Company executives could face up to seven years in prison if they mismanage employee pension schemes.
Work and Pensions Secretary Amber Rudd has proposed a new criminal offence for “wilfully or recklessly” mismanaging funds.
Plans outlined last year for a maximum sentence of two years in prison were toughened up after public consultation.
Writing in the Sunday Telegraph, Ms Rudd said the law will target “the reckless few playing fast and loose”.
“If you run your company pension into the ground, saddling it with massive, unsustainable debts, we’re coming for you,” she said.
She said current rules mean that “acts of astonishing arrogance” by a few company directors are punished with fines “that barely dent bosses’ bank balances”.

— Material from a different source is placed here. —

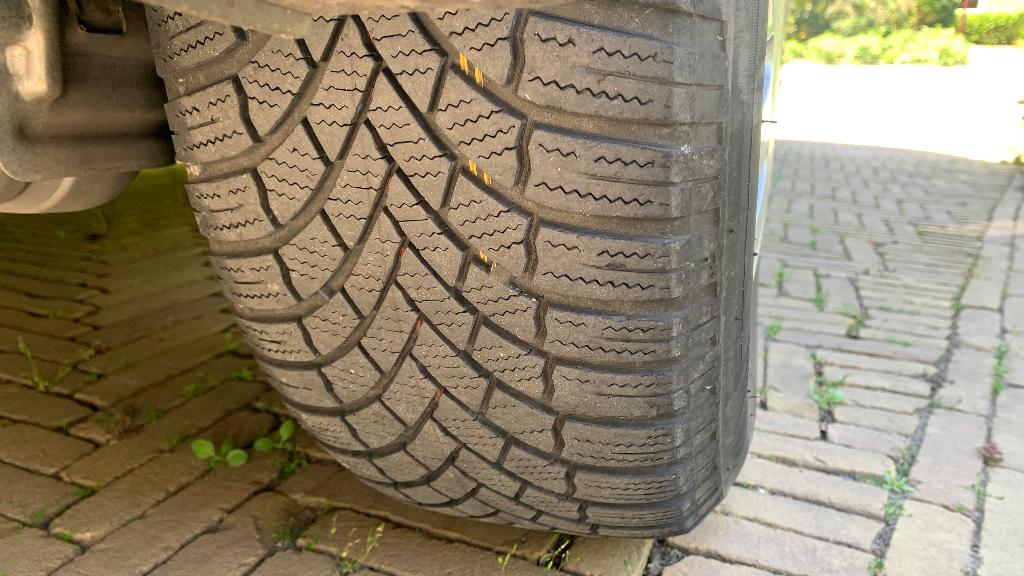 Winterbanden 215/65R16 op stalen velgen., Auto-onderdelen, Banden en Velgen, Ophalen, 16 inch, Banden en Velgen, Winterbanden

Under the new law, courts would also be given the power to levy unlimited fines for mismanagement of pensions.
The proposal follows calls for reform after one of the biggest pension scandals of the past decade, involving the retailer BHS.
Just one year after tycoon Sir Philip Green sold the retail chain for £1 in 2015, it collapsed along with its two pension schemes,
That meant the loss of 11,000 jobs and put the pensions of 19,000 current and past employees under threat.
The Pensions Regulator concluded that Sir Philip Green sold the business to dodge responsibility for the company’s pension scheme.
MPs called for Sir Philip to be stripped of his knighthood and a Parliamentary report called him the unacceptable face of British capitalism.
Sir Philip later agreed to pay £363m into the pension schemes.